Patrick watched and watched. This autumn morning had already taken a different, unexpected shape. And now the shape was changing again.

Because his Saturday mornings tended to have a familiar pattern. He liked to be in town early to do a little shopping, and be gone before the crowds arrived. His father’s illness was beginning to prise apart his routine, but his Saturday mornings had thus far remained sacrosanct. Nobody else figured. Early meant avoiding his students, who would be storming through the Saturday afternoon crowds in their civvies. ‘Alright, sir?’ the older boys would sometimes hail him, jauntily, on the rare occasions their paths crossed in the supermarket, at the pictures. Sometimes – though more frequently, they lowered their eyes or looked at him as though at an animal on the loose from a zoo.

Early was always better.

But this morning, Margaret telephoned at cockcrow, suggesting a meeting, sounding tense and strained. ‘Just a coffee,’ she almost pleaded, beating against the solid metal walls of his Saturday morning. ‘It won’t take long.’ And so they met in a cafe off the Diamond and settled themselves in a booth by the window, milky coffees before them.
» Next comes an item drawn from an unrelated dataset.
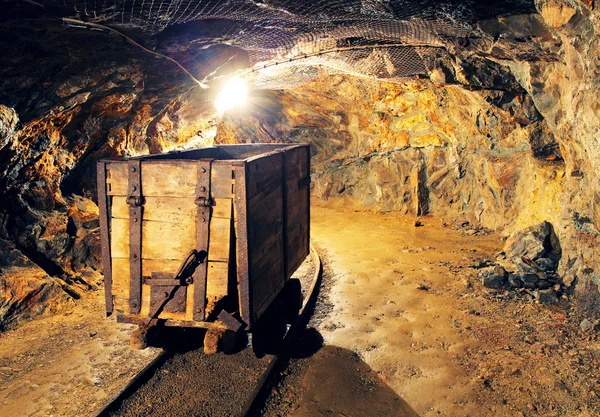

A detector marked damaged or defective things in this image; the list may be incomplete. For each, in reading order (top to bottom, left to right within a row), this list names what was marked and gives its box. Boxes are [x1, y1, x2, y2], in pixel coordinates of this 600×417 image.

Margaret looked – dreadful, he thought. Her hair needed a wash, for one thing. He observed her more closely: her pale skin, her tired, shadowed eyes. ‘I need to tell you something,’ she said, lowering her voice so that she could hardly be heard over the Saturday morning hum. She paused: he waited. At last she said, ‘Did you hear about the mother of that girl? The girl who went missing? – they found her at Inch Levels.’

‘The mother, yes: something about it.’

‘It was on the news this morning,’ she murmured and he nodded.

And then, their mother appeared, framed for a moment in the doorway. A collision. What was she doing here? This place, this time, wasn’t part of her routine.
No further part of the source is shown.